After immigrating to Montreal in 1964, he worked as a engineering manager for a Canadian electronics firm which manufactured components for the military.

He quit in frustration after 8 1/2 years, three changes in ownership and management which continually tried to "re-invent the wheel."

In 1973, he incorporated Circo Craft, a company which manufactures electronic circuits for both military and commercial purposes. He started with one 7,200-square-foot plant in Granby and a handful of employees. By the time he sold out three years ago, the Granby plant was 140,000 square feet, and the company had three other plants, 1,500 employees and $200 million in annual revenue.

He introduced profit sharing for all employees and built a school in one of the plants to teach leadership and communication skills. He was the type of boss who ate in the cafeteria with workers from the machine shop.

He values employees who dirty their hands and make mistakes. He tells them: "Make sure you make a lot of mistakes each day." Interpretation: Don't be scared to make key decisions.
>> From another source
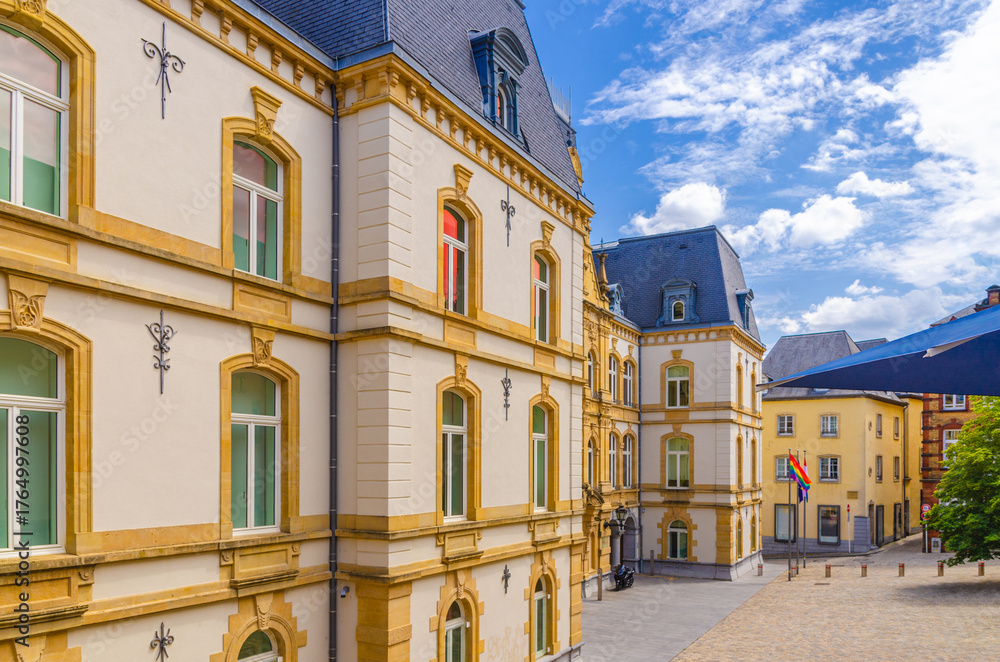 Obraz premium Ministry of Foreign and European Affairs Batiment Mansfeld building in Luxembourg City historical centre Ville Haute quarter in sunny summer day
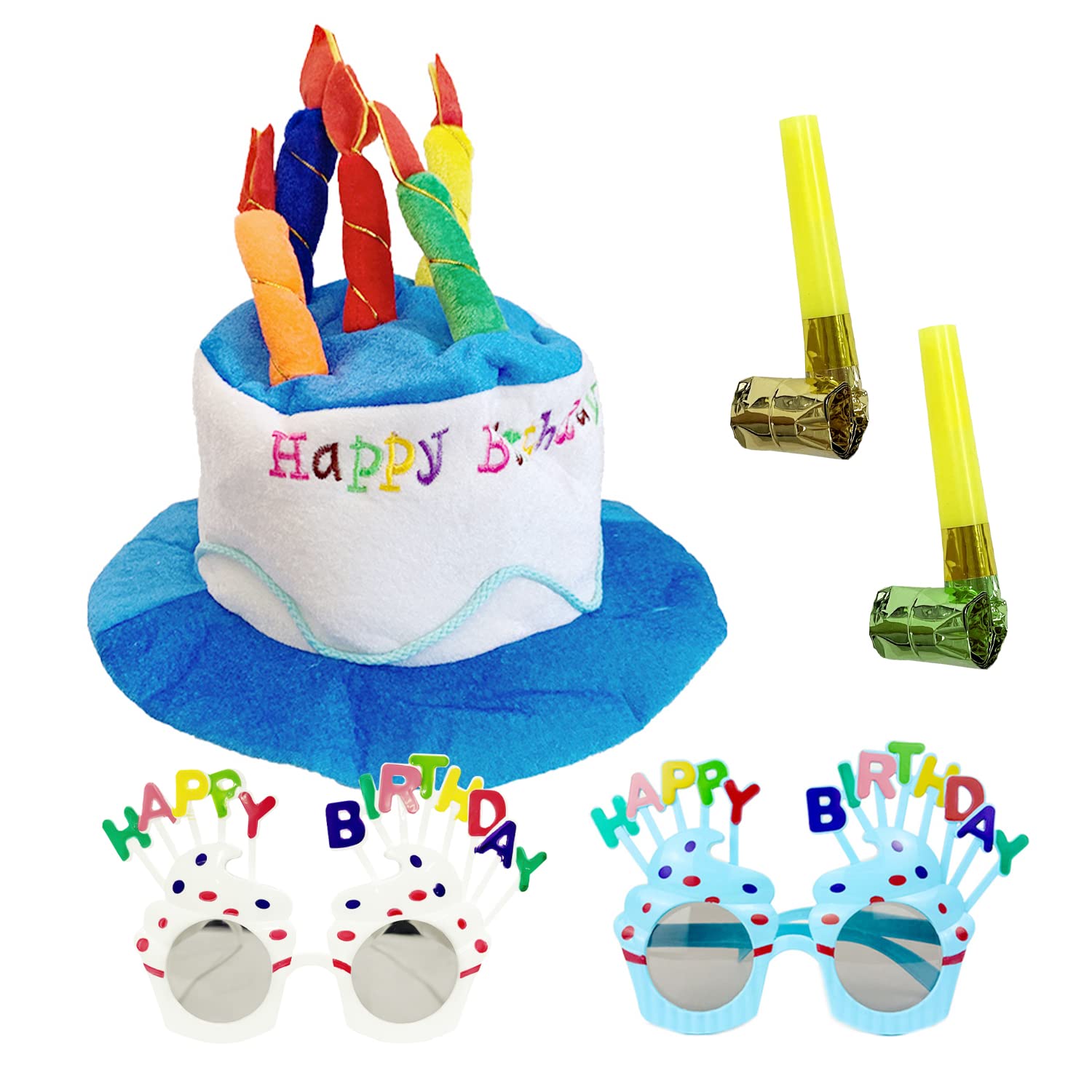 LSYYSL 1 Pcs Happy Plush Hat, Cake Hat with Multicolor Candles, Party Dress Up Show Props, with Birthday Glasses and Party Blowers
When he sold Circo Craft three years ago, Muhlegg decided to use his time and considerable financial resources to indulge his passion for boxing.
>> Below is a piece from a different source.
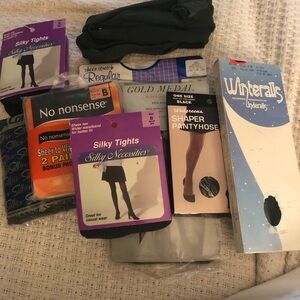 Black navy white sparkle Shaper Pantyhose tights bundle mostly A-B size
On this night - the last Friday of November - 15 months after starting InterBox, the bout between Ouellet and Hilton will go down as one of the most exciting in the annals of boxing with Hilton's 12th round upset victory by TKO.

Between 2.4 million and 3 million Americans watched the bout live on ESPN, the first Canadian title fight ever broadcast by a U.S. network. Close to 10,000 Canadians paid $50 each to watch it on pay per view television. More than 62 bars in Quebec showed the bout on closed circuit. Over 16,000 fans opened their wallets for between $20 and $500 each to see the fight in person.

When it is all over, Muhlegg's prayers will have been answered: "A great show was put on, none of the boxers was seriously injured and InterBox has taken the first steps to establish Montreal as the mecca of boxing."

Warren Perley is a former Gazette journalist who is president of Ponctuation Grafix, a graphic design and marketing company.